Though it has no access to the sea, Uganda is in the middle of Africa's Great Lakes region and is nearly one-fifth water. It boasts a long shoreline on Lake Victoria, is criss-crossed by a major tributary of the Nile, and sources most of its electricity from hydropower.

It is roughly the same size as the United Kingdom, encompassing some 241,000 square kilometres (93,000 square miles) of misty rainforests, great lakes and swamps, plateaus and snow-capped mountains—a natural diversity that earned Uganda the colonial-era moniker the "Pearl of Africa".

Bwindi Impenetrable National Park, a tranche of ancient forest in the country’s southwest, is home to half the world’s mountain gorillas while Mount Stanley, on the border with DRC, is Africa's third-highest peak at 5,109 metres (16,762 feet).

Britain’s protectorate in Uganda was forged in 1894 from a group of neighbouring and sometimes rival kingdoms, including the dominant Buganda kingdom in the south and Bunyoro in the northwest.


Today, three-quarters of Uganda follows Christianity, and English and Swahili are the official languages though the country is multilingual. Uganda is one of the youngest countries in the world, with a median age of 15.9 years. Nearly half its 45 million people are 14 or under, while just two percent are aged over 65.

It is also growing quickly. The population has nearly doubled since the turn of the century and the fertility rate remains among the world's highest, with about five children born to every woman, according to the UN Population Fund. But the economy struggles to keep up.
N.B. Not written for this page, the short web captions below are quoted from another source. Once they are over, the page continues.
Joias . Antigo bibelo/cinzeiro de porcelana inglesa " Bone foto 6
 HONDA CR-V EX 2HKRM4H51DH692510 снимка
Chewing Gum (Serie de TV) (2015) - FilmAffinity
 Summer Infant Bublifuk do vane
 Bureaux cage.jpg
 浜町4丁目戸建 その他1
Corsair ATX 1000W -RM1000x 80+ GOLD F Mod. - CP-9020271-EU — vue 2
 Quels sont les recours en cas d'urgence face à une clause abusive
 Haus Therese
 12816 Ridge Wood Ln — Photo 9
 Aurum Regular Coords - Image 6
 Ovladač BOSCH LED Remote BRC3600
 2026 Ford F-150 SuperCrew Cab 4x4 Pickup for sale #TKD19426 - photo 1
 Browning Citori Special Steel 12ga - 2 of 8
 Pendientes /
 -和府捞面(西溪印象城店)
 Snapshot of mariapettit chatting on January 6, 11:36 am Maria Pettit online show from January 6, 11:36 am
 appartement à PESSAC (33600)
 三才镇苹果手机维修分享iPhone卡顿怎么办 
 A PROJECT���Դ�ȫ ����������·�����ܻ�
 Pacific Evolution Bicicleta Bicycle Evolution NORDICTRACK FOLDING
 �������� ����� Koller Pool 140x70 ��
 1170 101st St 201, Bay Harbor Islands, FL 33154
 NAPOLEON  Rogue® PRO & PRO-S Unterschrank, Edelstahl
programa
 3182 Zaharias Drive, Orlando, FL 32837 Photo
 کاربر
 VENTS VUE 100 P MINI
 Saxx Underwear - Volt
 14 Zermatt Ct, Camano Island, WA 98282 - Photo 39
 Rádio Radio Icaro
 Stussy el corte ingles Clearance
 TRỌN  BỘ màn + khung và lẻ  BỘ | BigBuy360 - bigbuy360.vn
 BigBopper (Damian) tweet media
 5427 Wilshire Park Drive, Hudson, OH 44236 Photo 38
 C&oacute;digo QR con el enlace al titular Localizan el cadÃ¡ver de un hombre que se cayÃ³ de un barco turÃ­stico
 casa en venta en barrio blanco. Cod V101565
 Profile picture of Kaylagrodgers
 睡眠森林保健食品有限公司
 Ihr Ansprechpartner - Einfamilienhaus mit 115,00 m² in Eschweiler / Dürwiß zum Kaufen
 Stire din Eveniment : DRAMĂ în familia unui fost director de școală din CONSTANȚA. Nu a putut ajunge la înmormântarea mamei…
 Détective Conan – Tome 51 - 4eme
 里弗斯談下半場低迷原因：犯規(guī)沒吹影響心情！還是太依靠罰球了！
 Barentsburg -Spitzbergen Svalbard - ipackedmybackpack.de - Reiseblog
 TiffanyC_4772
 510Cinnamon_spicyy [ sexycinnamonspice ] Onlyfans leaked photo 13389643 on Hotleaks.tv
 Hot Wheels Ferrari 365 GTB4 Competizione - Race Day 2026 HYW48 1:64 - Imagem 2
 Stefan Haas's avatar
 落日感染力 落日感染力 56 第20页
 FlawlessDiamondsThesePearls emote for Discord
About 700,000 young people reach working age every year—a figure set to rise to one million by 2030—but only 75,000 new jobs are created for them.

Regional statesman

The World Bank says this disparity, if left unaddressed, will keep most young Ugandans locked in poor quality jobs or unpaid work on the family farm, while dragging on growth and efforts to diversify the economy.

But the discovery of an estimated 1.7 billion barrels of oil in the northwest Lake Albert region has buoyed hopes of boosting economic growth and stemming reliance on foreign aid, though environmental and social concerns have been raised.

Nestled in one of Africa's most volatile regions, Uganda has been involved in numerous armed and bloody conflicts at home and abroad since achieving independence from Britain in 1962.

Ugandan troops have fought two wars in DRC, clashed with Rwandan forces, backed government soldiers in South Sudan, and hunted rebel movements both inside their borders and beyond in places like Central African Republic and eastern Congo. 

President Yoweri Museveni, who took power at the head of a rebel army in 1986, has tried to position himself as something of a regional statesman and peace broker, but has faced allegations of meddling and UN accusations that his forces committed war crimes in DRC.

An ally of the United States in its global "war on terror", Ugandan soldiers have served as guards under US command in Iraq, and since 2007 have been the largest contingent of African soldiers in Somalia fighting the Islamist militants Al-Shabaab.

Uganda has a long history of accepting refugees from over its borders, and hosts more civilians fleeing persecution than anywhere else in Africa.